→ Your instructions
Apart from the pictures, reproduce the data below exactly as it stands.

→ Data extract
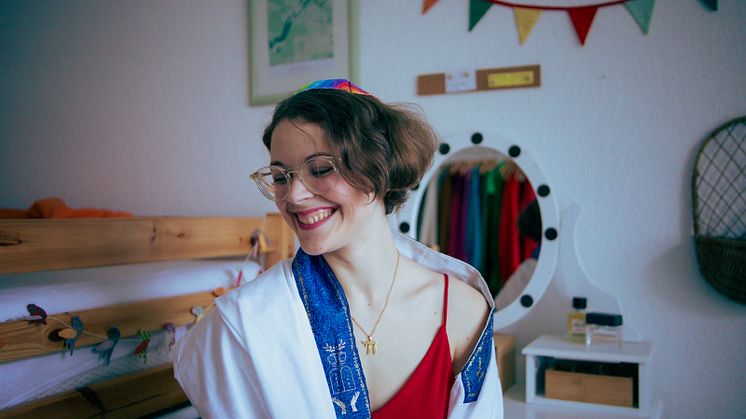 Foto_2_Copyright_Tanya_Raab.jpg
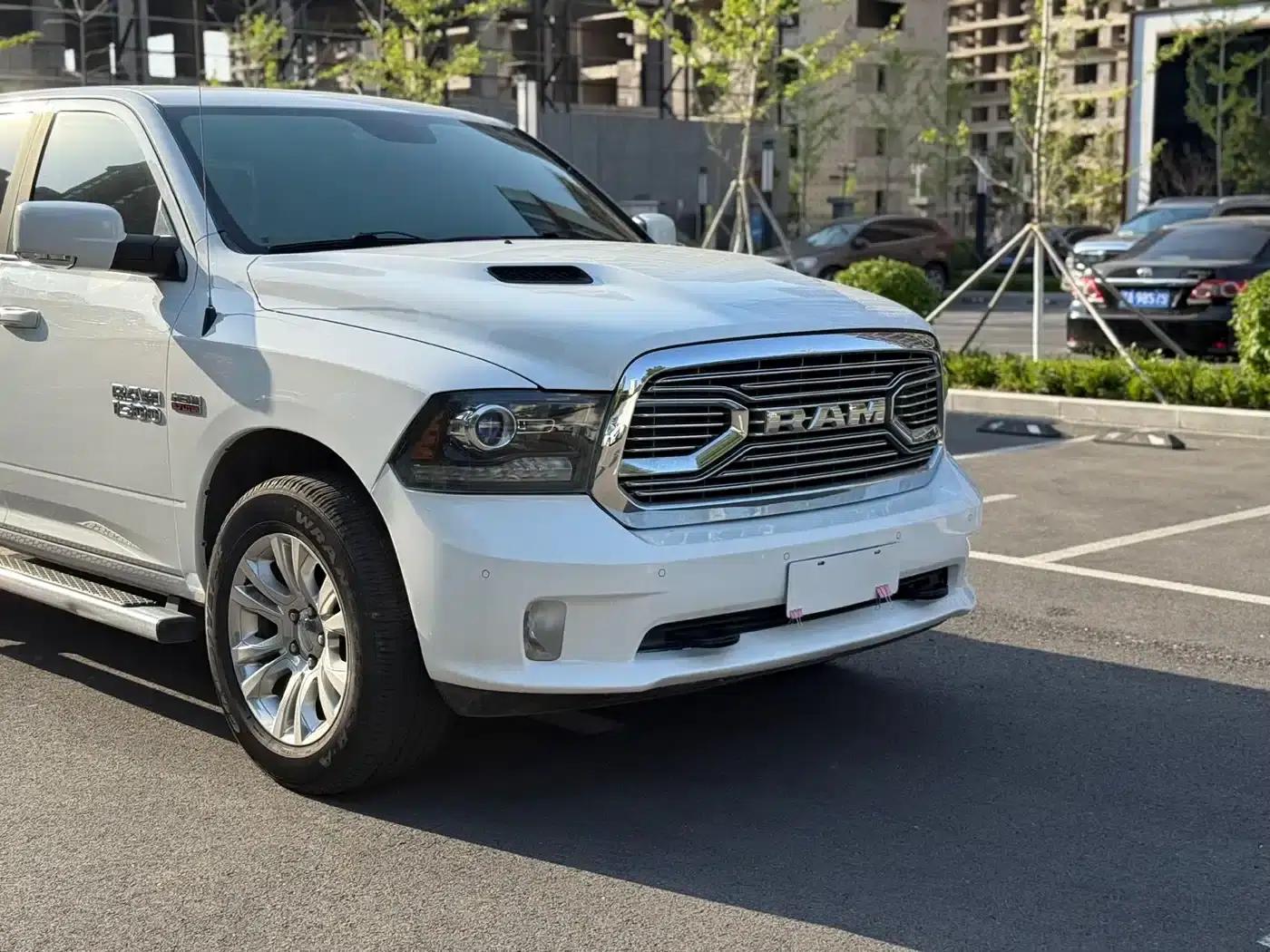RAM Trucks 2013 1500 5.7L — миниатюра 4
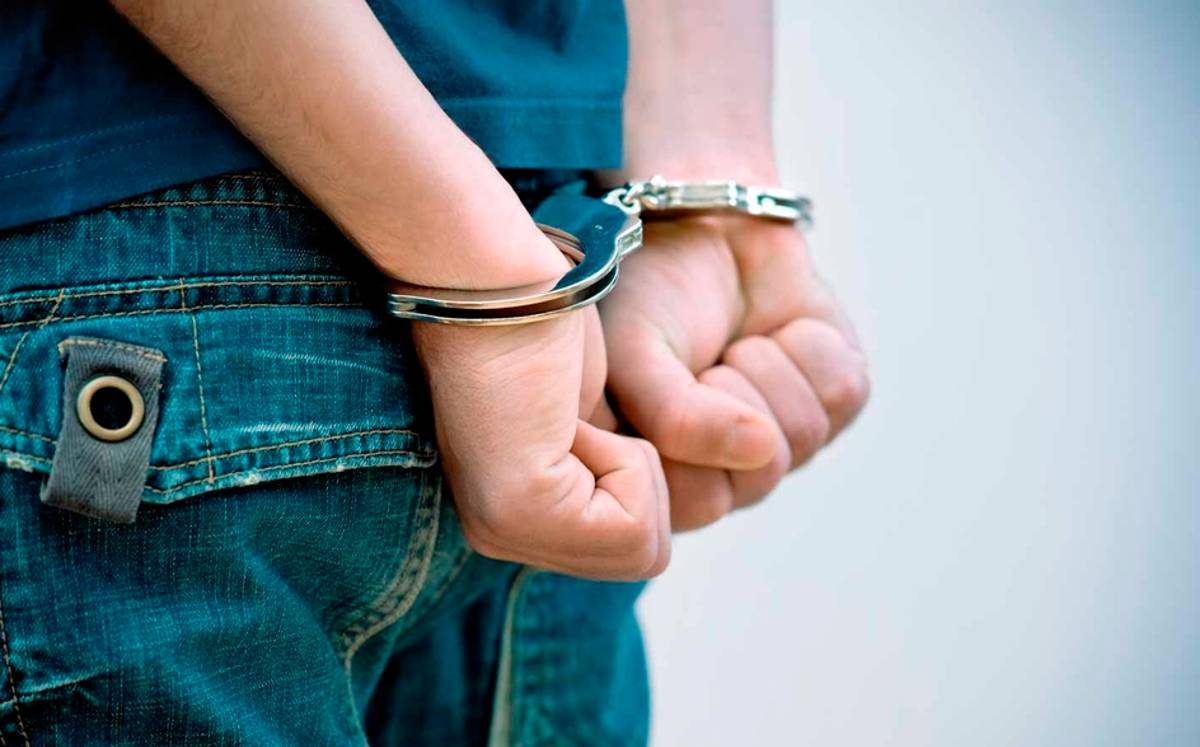 Los menores son reclutados por el crimen organizados con promesas de dinero fácil.-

→ Exercise output
 Foto_2_Copyright_Tanya_Raab.jpg
RAM Trucks 2013 1500 5.7L — миниатюра 4
 Los menores son reclutados por el crimen organizados con promesas de dinero fácil.-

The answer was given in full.